Correction: while the Board of Regents spent what seems like an inordinate amount of money ($156,000) to make an in-house hire for SDSU’s next president, they did not spend some of that money on renting their own SDSU Performing Arts Center for the announcement.

Angela Kennecke reported that rental expense in her original May 9 report on the $156K president hunt. She made it sound like the Regents themselves had listed that cost as fact:

Nearly two weeks after KELOLAND News submitted a public records request to the Board of Regents asking for records of all expenses involved in the search for the new SDSU President, including the use of the State plane, as it was used in that search, we got an email from the State which broke down the various ways the $156,000 was spent:

  • Travel to meetings, interviews, and the announcement of the new president.  That includes use of the State plane for regents, staff and members of the search committee.
  • Rent of SDSU’s Performing Arts Center to make the announcement, as well as for a meal and lodging costs… [Angela Kennecke, “SDSU President Search Tab to Taxpayer: $156,000,” KELO-TV, 2016.05.09].

Kennecke corrects that error in the last paragraph of her follow-up story today:

In its original email to KELOLAND News, the Board of Regents told us that some of the $156,000 went to location event rental, but would not specify what that meant.  The only event we knew about was the announcement of Dunn’s appointment at the SDSU Performing Arts Center.  However, with this information, we now know that that event rental was for the hotel location to interview the finalists for the job in Sioux Falls [Angela Kennecke, “Breakdown of Expenses in SDSU President Search; $15,000 for Use of State Plane,” KELO-TV, 2016.05.17].

We investigative reporters (hear Kennecke grit her teeth at my pronoun) always face the peril that our occasional errors will distract readers from the main story and cause them to doubt our other stories. We (grit) must thus carefully craft our sentences to make clear what is documentable fact, what is our logical deduction, and what is our speculation.

The big story, of course, is that the Regents paid Illinois-based consultants Witt/Kieffer $117,825 for the trouble of telling us that the best person to run SDSU was already at SDSU. I feel like if I lost my cell phone, the Regents would tell me to go buy a new cell phone to ring my number while I’d say, “Hold on, let me check under the couch cushions first.”

Now let’s keep an eye out for how much the Regents spend on consultants for GEAR UP.

17 Comments

  1. Lon Moeller

    The consulting firm did not say who was the best person.
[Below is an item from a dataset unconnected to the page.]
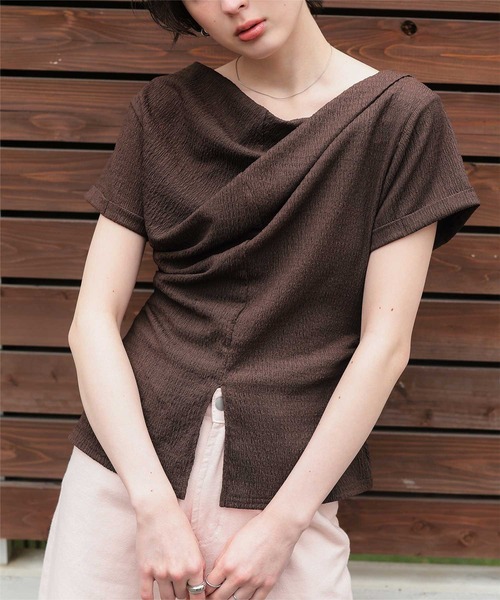 titivate(ティティベイト)の「スリットデザインドレープ半袖Tシャツ(Tシャツ/カットソー・レディース・ダークブラウン/ネイビー/オフホワイト/ライトイエロー/ブラック・S/L/M)」の4枚目の写真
That decision was made by the search committee. The selection of Dr. Dunn by the search committee validated that in a national search he was the best candidate.
    I believe it would be interesting to see what other searches for South Dakota university presidents have cost.

  2. Robert McTaggart

    My experience on the search committees that I have been on is that said search committees only make recommendations. That recommendation is typically followed.

  3. grudznick

    You professional investigative reporters should do some checking and see how much these Regent fellows spend on fancy finger foods for meetings and such. I bet there are lavish parties thrown in public facilities all the time. But it also seems to me that if this Mr. Dunn fellow is the best man for the job then it’s far cheaper to spend a few bucks getting it right instead of hiring some egghead liberal from the east coast with no South Dakota values to lead our biggest college forward. Or hiring the guy who would do it for the cheapest.

  4. mike from iowa

    Are state schools required to at least interview minority candidates for these positions?

  5. mike from iowa

    Why would an east coast egghead liberal bother to set foot in South Dakota, let alone apply for a low paying job in a state that has shown they don’t give a shit about education, Grudz?

  6. grudznick

    Good point, Mike, especially when one considers it was delivered from Iowa. I think it’s the grade school and high school teachers that are the ones hollering for more money. The new tax that is dedicated to that small but whiny segment of our population here in South Dakota is for just them. Not the professor types. You should see what those eggheads get paid at the colleges. It’s probably a lot.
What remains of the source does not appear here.